Available data
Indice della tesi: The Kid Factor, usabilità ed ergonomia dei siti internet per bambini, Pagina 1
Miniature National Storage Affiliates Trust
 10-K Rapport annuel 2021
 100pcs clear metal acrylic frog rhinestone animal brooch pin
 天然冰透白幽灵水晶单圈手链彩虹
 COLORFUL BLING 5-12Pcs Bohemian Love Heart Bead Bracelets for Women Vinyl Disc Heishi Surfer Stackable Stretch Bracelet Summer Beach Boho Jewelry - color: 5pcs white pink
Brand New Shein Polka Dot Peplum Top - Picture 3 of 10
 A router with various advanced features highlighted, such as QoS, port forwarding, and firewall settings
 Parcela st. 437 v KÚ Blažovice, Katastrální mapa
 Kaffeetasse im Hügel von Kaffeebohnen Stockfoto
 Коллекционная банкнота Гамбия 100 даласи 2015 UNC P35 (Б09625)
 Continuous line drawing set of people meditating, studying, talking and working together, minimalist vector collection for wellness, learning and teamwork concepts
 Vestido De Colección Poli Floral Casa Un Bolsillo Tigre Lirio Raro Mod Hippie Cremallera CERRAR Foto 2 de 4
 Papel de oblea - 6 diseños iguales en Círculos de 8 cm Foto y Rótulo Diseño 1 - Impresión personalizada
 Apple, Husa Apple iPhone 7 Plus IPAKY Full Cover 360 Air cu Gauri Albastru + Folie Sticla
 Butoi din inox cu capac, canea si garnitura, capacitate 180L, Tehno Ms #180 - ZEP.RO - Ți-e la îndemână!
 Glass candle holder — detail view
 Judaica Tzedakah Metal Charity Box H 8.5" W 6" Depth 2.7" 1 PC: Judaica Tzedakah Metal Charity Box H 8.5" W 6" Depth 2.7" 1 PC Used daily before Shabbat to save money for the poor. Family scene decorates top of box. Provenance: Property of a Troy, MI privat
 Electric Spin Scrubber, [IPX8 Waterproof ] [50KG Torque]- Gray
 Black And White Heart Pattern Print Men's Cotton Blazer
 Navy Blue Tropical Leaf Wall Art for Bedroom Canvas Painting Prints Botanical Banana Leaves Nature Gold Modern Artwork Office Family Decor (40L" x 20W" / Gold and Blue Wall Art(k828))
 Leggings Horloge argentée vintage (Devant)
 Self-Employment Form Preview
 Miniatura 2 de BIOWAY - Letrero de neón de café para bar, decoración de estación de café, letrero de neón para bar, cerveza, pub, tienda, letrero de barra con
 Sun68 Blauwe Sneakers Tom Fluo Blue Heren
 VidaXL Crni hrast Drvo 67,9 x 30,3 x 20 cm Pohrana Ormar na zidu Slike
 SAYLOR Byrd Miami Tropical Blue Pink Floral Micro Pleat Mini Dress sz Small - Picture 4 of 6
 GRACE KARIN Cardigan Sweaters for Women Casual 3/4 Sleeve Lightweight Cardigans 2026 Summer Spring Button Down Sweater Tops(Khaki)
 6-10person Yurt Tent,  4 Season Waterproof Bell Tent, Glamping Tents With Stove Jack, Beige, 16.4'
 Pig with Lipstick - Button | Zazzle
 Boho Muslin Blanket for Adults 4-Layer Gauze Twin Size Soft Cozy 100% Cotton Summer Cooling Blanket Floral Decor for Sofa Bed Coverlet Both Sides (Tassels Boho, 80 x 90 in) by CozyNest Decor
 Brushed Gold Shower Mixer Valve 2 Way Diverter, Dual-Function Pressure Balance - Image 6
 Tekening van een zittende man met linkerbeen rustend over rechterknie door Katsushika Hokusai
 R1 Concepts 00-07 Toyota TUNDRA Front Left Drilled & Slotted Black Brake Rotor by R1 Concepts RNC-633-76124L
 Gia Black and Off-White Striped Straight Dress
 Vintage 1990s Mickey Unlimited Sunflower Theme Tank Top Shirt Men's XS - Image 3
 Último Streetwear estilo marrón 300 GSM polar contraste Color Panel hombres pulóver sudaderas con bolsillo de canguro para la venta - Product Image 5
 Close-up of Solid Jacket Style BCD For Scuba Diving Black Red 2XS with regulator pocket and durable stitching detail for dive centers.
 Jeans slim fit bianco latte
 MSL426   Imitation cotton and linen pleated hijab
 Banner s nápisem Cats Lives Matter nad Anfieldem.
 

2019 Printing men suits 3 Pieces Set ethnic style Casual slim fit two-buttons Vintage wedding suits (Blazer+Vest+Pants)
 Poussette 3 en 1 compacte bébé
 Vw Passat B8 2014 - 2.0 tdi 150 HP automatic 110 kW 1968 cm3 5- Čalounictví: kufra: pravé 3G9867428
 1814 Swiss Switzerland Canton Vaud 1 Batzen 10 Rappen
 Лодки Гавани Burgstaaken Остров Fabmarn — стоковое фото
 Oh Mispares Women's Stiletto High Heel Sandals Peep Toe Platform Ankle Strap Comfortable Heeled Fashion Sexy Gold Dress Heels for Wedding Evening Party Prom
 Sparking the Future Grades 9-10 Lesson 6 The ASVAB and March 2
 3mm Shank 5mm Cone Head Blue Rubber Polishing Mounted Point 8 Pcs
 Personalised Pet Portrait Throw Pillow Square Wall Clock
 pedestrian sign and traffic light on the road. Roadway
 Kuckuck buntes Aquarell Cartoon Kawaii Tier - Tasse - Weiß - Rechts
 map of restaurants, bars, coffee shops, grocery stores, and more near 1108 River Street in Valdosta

What the task asks
Reply with one number only: how many lines of the listing hold "Picture"?

Solved exercise
2